Ante sus ojos iba cobrando forma ese mal sistémico que se desarrolló en las vísceras de las sociedades del siglo XX, cada vez más masificadas, que torpemente deambulaban entre la razón y la fe, que terminaron de rodillas frente a la técnica y a las ideologías de las cuales brotarían fecundos los más grandes y atroces crímenes contra la humanidad, contra sí misma. Vomitando de sus entrañas, cada vez más oscuras, hombres sin sentido y sin contenido que gestarían una nueva manera de hacer política a partir del mal como medio expedito para alcanzar fines elevados e instalar en la cultura occidental la piedra fundacional de la razón de Estado: aquella capaz de justificar las brutalidades más impensadas en pos de la grandeza de la patria. Camus se iba sintiendo cada vez más extranjero en su propio mundo en el cual la existencia comenzaba a parecerse a un absurdo. Sin embargo, pensaba que mientras más absurda le parecía la existencia humana, más intuía que en los hombres había más cosas dignas de admiración que de desprecio. La obra de Camus es un canto a la moral desesperada, a la honra a la vieja usanza, es decir, al respeto riguroso por la dignidad propia y ajena y que cualquier fractura del orden ético personal es proporcional a la degradación en su condición de persona. Un hombre sin ética, pensará, es una bestia salvaje soltada a este mundo.

El hombre, vuelto una bestia salvaje, el ave de rapiña nietzscheano, comenzó a tejer con los hilos de sus vacíos espirituales el entramado del siglo XX. El ser humano parecía mostrarse como una pasión inútil, al menos así lo describió Sartre. Dejó de ser el lobo del hombre para transformarse en el infierno del hombre. Camus marcó distancia de estas ideas que partían de una concepción del amor basada en un diálogo enfermo entre masoquismo y sadismo, prefiriendo emprender la búsqueda de la dicha en el corazón mismo de ese hombre maltrecho, casi víctima de su Creador, del cual solo tenía como respuesta ante sus múltiples desgracias un largo, espeso y tortuoso silencio, eso que han llamado el silencio de Dios que no es otra cosa que la manifestación más escandalosa de quienes se lanzaron por la pendiente de la angustia y el vació existencial.
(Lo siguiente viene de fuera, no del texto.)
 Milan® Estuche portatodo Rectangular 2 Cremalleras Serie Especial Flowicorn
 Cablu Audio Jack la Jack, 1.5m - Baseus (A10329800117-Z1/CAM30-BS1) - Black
En todo caso, para Camus, Dios guarda silencio ante el absurdo de la existencia del ser humano, por ello, termina por rechazarlo, pero, a pesar de ello, decide volcarse hacia el otro, a quien amará hasta el extremo y a quien serviría por medio del honor y la amistad. Amó, como apunta Vargas Llosa, este mundo con la misma intensidad con que los místicos amaban el otro, que, al igual que los cristianos, tuvo también el vicio por la verdad y que por ella no vaciló nunca en ir contra la corriente. Propuso, no sé si conscientemente, una especie de santidad sin Dios.
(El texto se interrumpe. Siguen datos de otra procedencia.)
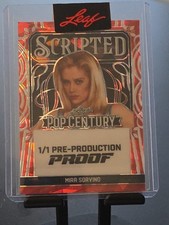 2024 Leaf MIRA SORVINO Red Crack Ice Pre-Production Proof card Pop Century  #1/1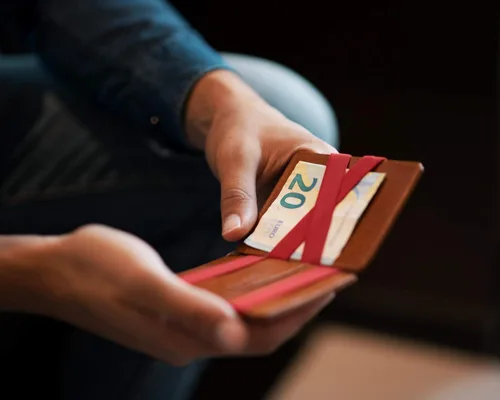 Vista 9 de Jaimie Jacobs - Flap Boy Slim - Cartera mágica de solapa para hombre con bolsillo frontal RFID, cartera delgada de piel genuina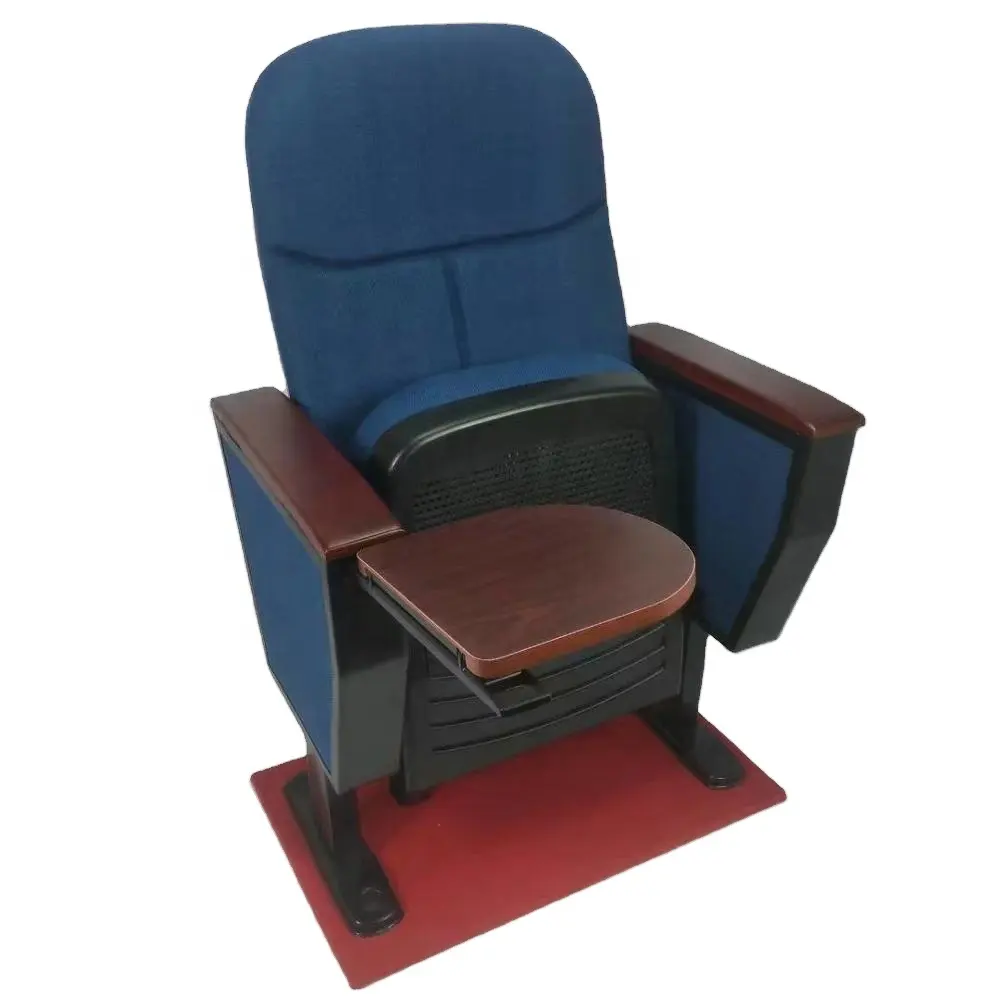 Folding auditorium conference hall chairs with writing tablet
El mundo que vivió Camus le ofrecía hombres en lamentables condiciones para vivir producto de la alarmante desigualdad social, una justicia caricaturesca y unos niños llenos de vida que solo piensan en la guerra, totalmente ensordecidos por la propaganda asfixiante. Ante esta avasallante desgracia se lanza la obra de Camus como intentando ser la voz de aquel que ha preferido guardar silencio contra la injusticia y la violencia. Camus no busca negar a Dios en su existencia, más bien, pareciera buscar enjuiciar la concepción de Dios como amor, pues, hacia esa noción enfila todo su arsenal: desmentir a Dios como amor. En La Peste (1947), escribe que, ante la posibilidad de amar lo que no se puede entender, él prefiere partir de otra idea muy distinta del amor, pues “estoy dispuesto a negar hasta la muerte a amar esta creación donde los niños son torturados”. Idea que humanamente es comprensible: ¿cómo amar a un Dios que permite que los niños mueran de hambre o víctimas de la violencia generada por los mismos hombres? Preguntas que lo hermanan con Iván Karamazov, personaje de la poderosa novela de Dostoievski caracterizado por su viscoso racionalismo ateo, quien no se niega a aceptar a Dios, es el mundo que Él creó el que ni acepta ni puede aceptar. ¿Dónde está Dios? Es una pregunta que brota de la imposibilidad de conciliar el propio e inesperado sufrimiento padecido con la conciencia clara de una presunción de inocencia.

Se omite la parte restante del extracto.